I am writing this in response to a friend’s wondering whether the veteran Iraq reporter for the NY Times, John Burns, might possibly be right in backing President Bush’s plans for a small escalation of the conflict by adding more American troops — his so-called “surge.”

So far, the longer US troops have stayed, the worse the civil strife. There is no reason to think that a small increment of US troops with a slightly different set of rules would do anything other than make things still worse. What the US did by invading was unleash ethnic tensions that had been building, possibly for centuries (exactly as many, myself included, predicted). As long as the US stays, the actual Iraqi government, being dependent on the US, will hardly be able to be strong enough or seem genuinely representative enough to forge any real end to the violence.

One could say the invasion freed up Iraqis to kill each other, and our presence just exacerbates such desires. Despite that, they — various Iraqis and groups of them are making the choice to kill and to support killing; it is in their power to make other choices. So why American troops— who after all volunteered to defend the US, not to pacify the world — should be sacrificed to step in between them I just don't see. Nor is there any real likelihood that the surge will do more than be the prelude for a bigger surge, etc., etc., etc., until we finally pull out, leaving Iraq a still bigger graveyard. We have no reason to suppose that pulling out will instantly create calm or anything approaching it. Still, only after an American pullout can the conditions for eventual healing — perhaps far in the future — begin to emerge.
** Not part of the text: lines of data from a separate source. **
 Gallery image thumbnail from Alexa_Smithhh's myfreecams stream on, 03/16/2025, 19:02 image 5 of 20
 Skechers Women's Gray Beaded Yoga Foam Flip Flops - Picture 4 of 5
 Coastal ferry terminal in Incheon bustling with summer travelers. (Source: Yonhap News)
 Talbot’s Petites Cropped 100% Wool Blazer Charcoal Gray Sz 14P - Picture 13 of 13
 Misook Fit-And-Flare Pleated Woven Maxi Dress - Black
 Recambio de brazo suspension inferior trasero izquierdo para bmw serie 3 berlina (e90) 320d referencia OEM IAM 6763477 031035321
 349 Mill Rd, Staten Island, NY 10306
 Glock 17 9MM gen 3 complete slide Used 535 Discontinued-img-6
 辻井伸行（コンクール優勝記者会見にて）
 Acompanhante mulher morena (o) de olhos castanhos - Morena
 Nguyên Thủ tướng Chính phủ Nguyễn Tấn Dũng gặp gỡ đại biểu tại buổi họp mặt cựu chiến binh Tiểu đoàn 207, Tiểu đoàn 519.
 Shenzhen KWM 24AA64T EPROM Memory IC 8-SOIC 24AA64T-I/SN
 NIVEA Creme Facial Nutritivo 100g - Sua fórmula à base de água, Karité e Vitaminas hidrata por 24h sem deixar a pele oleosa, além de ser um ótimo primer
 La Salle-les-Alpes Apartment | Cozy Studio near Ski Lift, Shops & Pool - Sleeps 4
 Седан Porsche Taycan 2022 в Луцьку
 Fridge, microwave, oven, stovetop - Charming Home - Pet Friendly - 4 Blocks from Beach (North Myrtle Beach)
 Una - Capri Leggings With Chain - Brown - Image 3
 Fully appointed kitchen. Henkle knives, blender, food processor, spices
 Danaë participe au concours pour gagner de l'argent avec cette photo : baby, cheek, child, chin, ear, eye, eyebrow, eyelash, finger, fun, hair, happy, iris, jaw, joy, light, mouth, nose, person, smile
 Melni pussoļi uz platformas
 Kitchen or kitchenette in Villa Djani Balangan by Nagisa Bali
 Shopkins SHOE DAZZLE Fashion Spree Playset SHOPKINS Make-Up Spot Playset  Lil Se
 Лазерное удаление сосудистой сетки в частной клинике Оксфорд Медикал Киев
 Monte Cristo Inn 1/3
It is conceivable that eventually, once some peace agreement between the various sides begins to emerge, that an international peace-keeping force might be of some help. Whether any country will be willing to supply its troops to such an effort should depend on the degree to which the warring parties are really willing to settle their differences peacefully. That in turn depends on the emergence of a common set of underlying understandings that peace is a better solution than war. The international community can certainly help play a role in helping make that clear, but we know that this is a very long-term, difficult process. We know because of such examples as the India-Pakistan dispute over Kashmir; the long set of wars between the more-or-less secular, more-or-less progressive side in Afghanistan vs. reactionary Sunni fundamentalism there; the Sinhalese–Tamil dispute in Sri Lanka; the long war between northern and southern Sudan, continuing conflicts in Congo and Uganda, the Tutsi-Hutu rivalries in Rwanda and Burundi; lengthy conflicts in Mexico between indigenous groups and the governing parties; similar conflicts in various central and south American countries; as well as the very long history of violence between various sides in Europe.

The effort to promote internatinal peace and understanding should not only go on. It should intensify. But “peace through war,” is as absurd a notion as George Orwell thought when he first articulated it.